Comme tout artiste de son époque, Villon eut besoin de mécènes. Il tenta d'intégrer la cour du roi René, comte d'Anjou, mais sa
poésie scandalisa. Auprès du duc d'Orléans, il sembla trouver une cage dorée mais le désir de liberté le reprit. C'est d'ailleurs le goût de la liberté qui semble, sa vie durant, animer Villon. Un goût de la liberté qui se mêle à celui pour l'irrévérence : Villon aime provoquer, et surtout les puissants. Plus encore, Villon mène une vie dangereuse, et cela sciemment. Comment expliquer sinon qu'il intégra la bande des Coquillards, menée par Colin de Cayeux, qui volait, brutalisait et tuait ? Si l'on peut être parfois surpris par les attitudes et l'apparent manque d'empathie de Villon (ainsi lorsqu'il livre sa bonne amie aux Coquillards qui la violent), on ne doit pas oublier l'époque. La guerre de Cent Ans se termine mais celle-ci a durablement bouleversé la France. La reconstruction économique et l'unification politique seront les
oeuvres de Louis XI, qui ne régna qu'à partir de 1461. La violence a imprégné la société, la torture est un moyen admis d'obtenir la vérité et la justice, elle, est une justice d'exception : elle punit d'autant plus durement qu'elle attrape rarement. C'est ainsi que l'évêque d'Orléans, Thibault d'Aussigny, se révèle être l'un des personnages les plus terrifiants de l'album.
François Villon évolue dans un monde qui n'est pas du tout le nôtre. Mentalement, on l'a vu, mais aussi géographiquement. le dessin de Critone est d'ailleurs un moyen formidable de découvrir le Paris médiéval avec ses petites rues, ses placettes, ses maisons à colombage, ses cimetières (ou campo santo) qui sont très largement des lieux de vie. La ville vit véritablement et Critone profite de quelques cases pour montrer la réalité médiévale : les exécutions sont publiques, certaines femmes s'enferment dans des cellules de recluse pour s'ôter du siècle, les enseignes des magasins servent aussi à renseigner les illettrés qui sont nombreux à cette époque.
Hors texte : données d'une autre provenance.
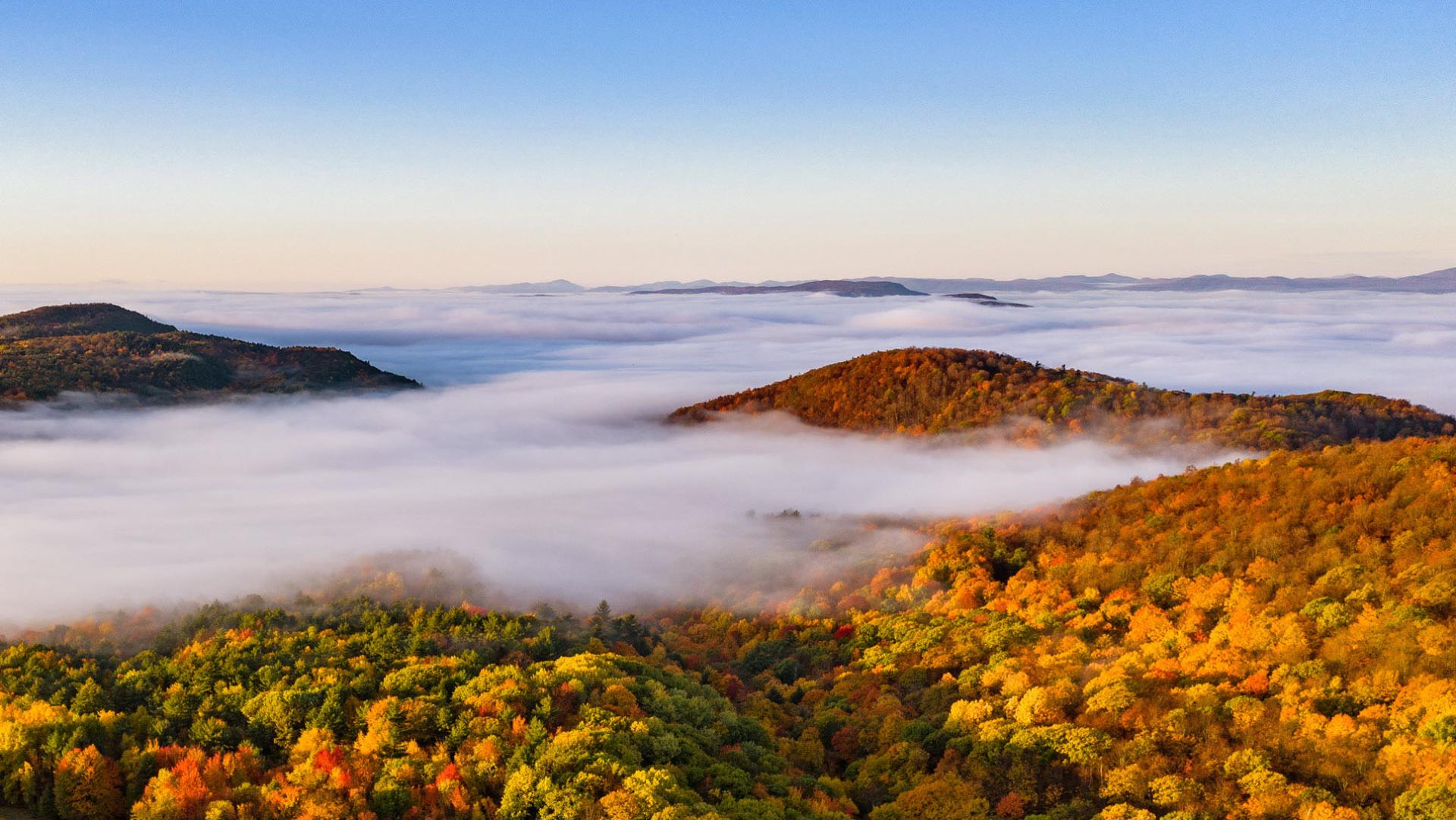An aerial photo of fall foliage in Vermont. 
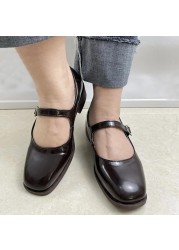 Lucifer Buckle Strap Low Heel Mary Jane Shoes Women 2022 Square Toe Patent Leather Shoes Woman Vintage Dark Brown Pumps Ladies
Malgré ces différences, Villon nous frappe, à travers sa poésie, par sa contemporanéité. Loin de la poésie bucolique du roi René, les vers de Villon disent les malheurs de l'homme, sa solitude, son infortune, la fragilité et l'étroitesse de la vie humaine. Cette poésie appelle à l'humilité et recèle en même temps un formidable esprit de gouaille, une insolence bravache et potache. Cette poésie touche parce qu'elle révèle l'âme humaine à travers l'humour, les questionnements existentiels et la troublante tristesse. La poésie de Villon a toute sa place aujourd'hui parce que ses interrogations, ses certitudes et ses incertitudes sont les nôtres. Villon est un homme qui dérange. Grâces lui soient rendues.